Verbal-memory impairment is associated with widespread white-matter tract involvement in patients with temporal lobe epilepsy and hippocampal sclerosis
Joao Vitor Mahler Ferreira Oliveira1, Marina Solti1, Carla Adda2, Carmen Jorge2, Rosa Maria Valerio2, Katarina Lyra3, Bruno Pastorello3, Claudia Leite3, Maria Otaduy3, Luiz Henrique Martins Castro2
1Faculdade de Medicina, Universidade de Sao Paulo, 2Departamento de Neurologia - HCFMUSP, 3Instituto de Radiologia - HCFMUSP, LIM 44
Objective:

To evaluate white-matter (WM) tract integrity in Temporal Lobe Epilepsy and Hippocampal Sclerosis (TLE-HS) patients with verbal-memory impairment (VMI).

Background:

TLE-HS patients frequently display VMI. While VMI has been associated with HS, the association of white-matter tract involvement in VMI, remains poorly characterized.

Design/Methods:

We studied 50 unilateral TLE-HS patients aged 17-55, education >=8 years, IQ >=70, with exclusive temporal discharges on EEG. Patients on topiramate or active psychiatric disease were excluded. Participants and healthy controls fulfilling the same criteria underwent the Logical Memory test (LMT) and Rey Auditory Verbal Learning Test (RAVLT). Patients were classified as impaired VM, if performance was below minus 1.5 SDs of controls. Patients underwent 3T-MRI with DTI. Voxel-wise fractional anisotropy (FA) was compared between normal and VMI groups using TBSS-FSL.

Results:

50 patients underwent RAVLT and 48 underwent LMT. Epilepsy duration, seizure frequency, and antiseizure medication load did not differ between normal and impaired VM groups. TBSS revealed significant differences in WM integrity between patients with poor and normal performance in the LMT and RAVLT tests. Compared to patients with normal VM, patients with poor performance in the LMT, displayed decreased FA in the left corticospinal tract, superior longitudinal fasciculus, corpus callosum, forceps major, anterior thalamic radiation, inferior fronto-occipital fasciculus, inferior longitudinal fasciculus and uncinate fasciculus. Patients who performed worse in the RAVLT had more diffuse WM damage compared to patients with preserved RAVLT VM performance.
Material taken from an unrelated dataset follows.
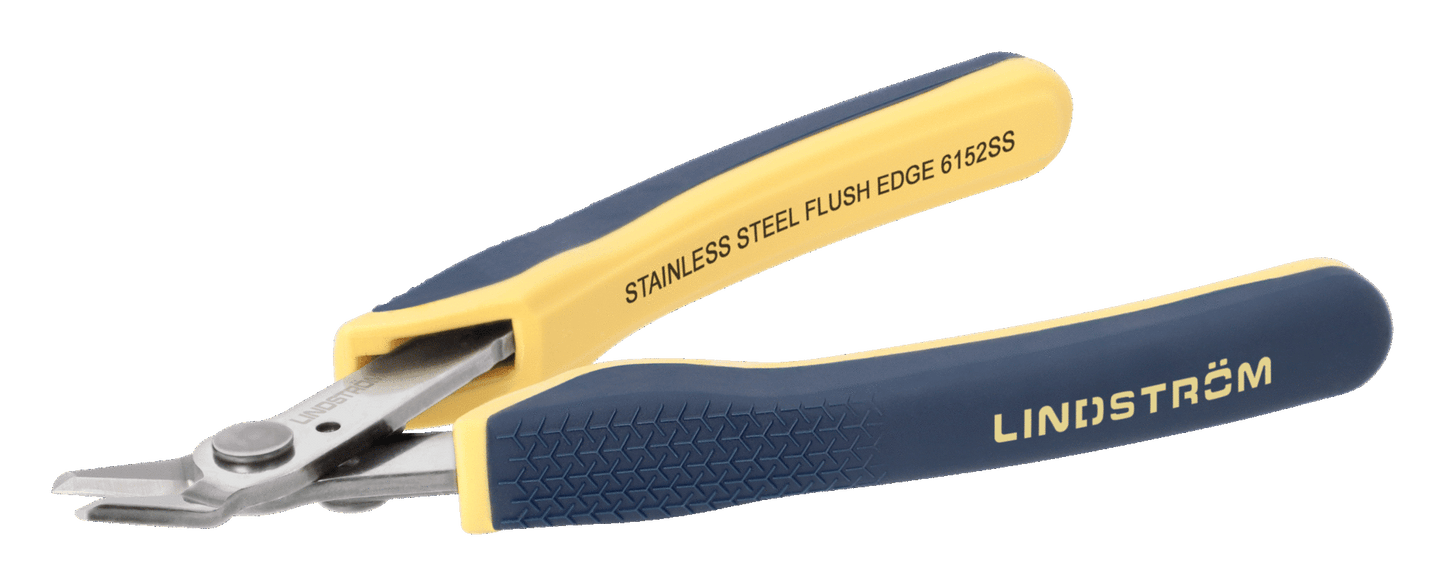 Lindström Stainless Steel Flush Edge Shear Cutter with Tapered Head 6152SS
In comparison with controls, both patient groups, regardless of performance, showed diffusely decreased FA.

Conclusions:

In TLE-HS patients, VMI is associated with widespread temporal and extratemporal WM involvement. In addition to the hippocampal lesion, white matter tract involvement may contribute to memory dysfunction in TLE-HS.